Here are four reasons MMA is safer than most contact sports. The fundamentals of mixed martial arts has an established foundation. MMA may be a new sport in the sense that the unique combination of techniques and rules is no more than a few decades old. But MMA is not a novel idea by itself, in the sense that it is built on the techniques and rules of already established sports. Sports such as the Olympic sports of boxing, Greco-roman wrestling, freestyle wrestling, judo and taekwondo.
1. Serious Injury is Avoided
Contrary to popular belief, international statistics show that elite athletes competing in MMA are less likely to attain serious injuries than in a range of other contact sports such as ice hockey, boxing and the NFL. First,, an MMA athlete on the professional level has approximately 12-21 training sessions per week but only 4-10 bouts per year. The physical shape required to be successful in a competition is very high and hence every athlete will have long periods of rest and training in between each bout. Compare this with the NFL where most teams have one game per week spanning over more than half of the year.
Second, professional MMA athletes are examined by doctors before, during and after competitions. If a fighter is injured and the injury will prohibit his or her performance, during a pre-bout medical check by a physician, the athlete will not be allowed to compete. This is to protect their safety. In addition, if an athlete is injured during a competition, the athlete will be given medical suspensions prohibiting them from contact in training until an appropriate time period or being cleared by a physician.
Finally, an elite MMA athlete is trained to be offensive as well as defensive and hence knows how to protect him or herself. Compare this to being targeted in the NFL or when being checked hard in the NHL or accidentally crashing a race-car or an equestrian accident like Christopher Reeves. MMA is a sport where athletes are prepared and trained for impact, not where the major task is something else and the contact comes when the athlete is unaware.
2. Fighters Only Fight Evenly Matched Opponents
Back in the day, before weight classes, there was much more danger of injury. But now there are professional match makers who are charged with each weight class and match contenders to face each other that are evenly matched. This is what makes MMA exciting to watch. No one wants to see a 3 second knockout, we want to see a battle.
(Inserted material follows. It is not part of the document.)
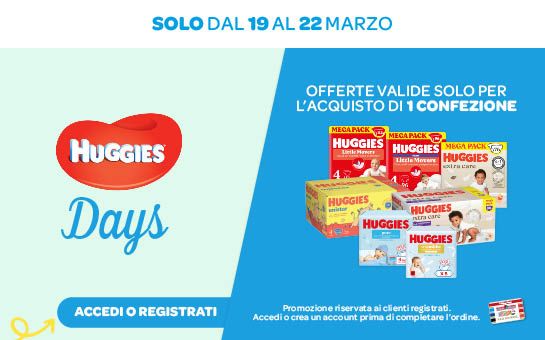 PROMO HUGGIES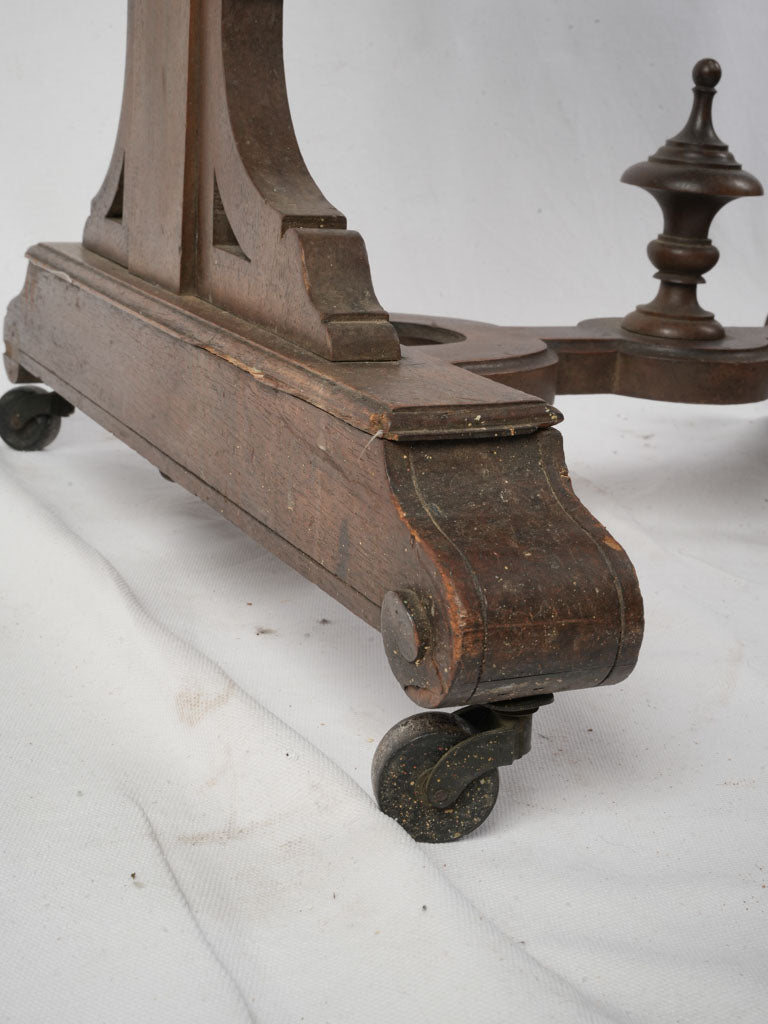 Late 19th Century French Atelier Easel with Crank - 75¼"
3. MMA Maintains Stingent Rules and Regulations
Most people think that in MMA everything is allowed, maybe in the early days of MMA, that was true. There are other unregulated sports in the world of martial arts that are unregulated that people equate with MMA. This is however false, the Unified Rules of MMA include::
- No strikes to the back of the head
- No small-joint manipulations
- No 12 to 6 elbows
- No groin strikes
- No hair pulling, head butting or inserting a finger or fingers in the mouth and pulling,
- No kicks or knees to the head of a downed opponent
- The tap-out (verbal or tapping of the mat) is a recognized submission
- Time determined rounds
- Weight classes
4. The Universal Nature of MMA
MMA is becoming ubiquitous. Initially. MMA competitors came from other disciplines in martial arts and used the techniques they trained in with when meeting an opponent from a different discipline. This is still true to some degree today, but as MMA grows and as the athletes become more complete, so does the “beginner” training in the sport. The athletes in the UFC are a very small percentage of the people that practice MMA around the world. MMA is absolutely a sport that one can start with at an early age, the only difference is the restrictions on techniques. The younger and the less mature the participant, the less the risk in injury is allowed. Bottom line, as the popularity of MMA grows all over the world, the more the spotlight will shine on the sport itself. The public will demand fairness and safety for the fighters that they care about and so will the establishment of the sport.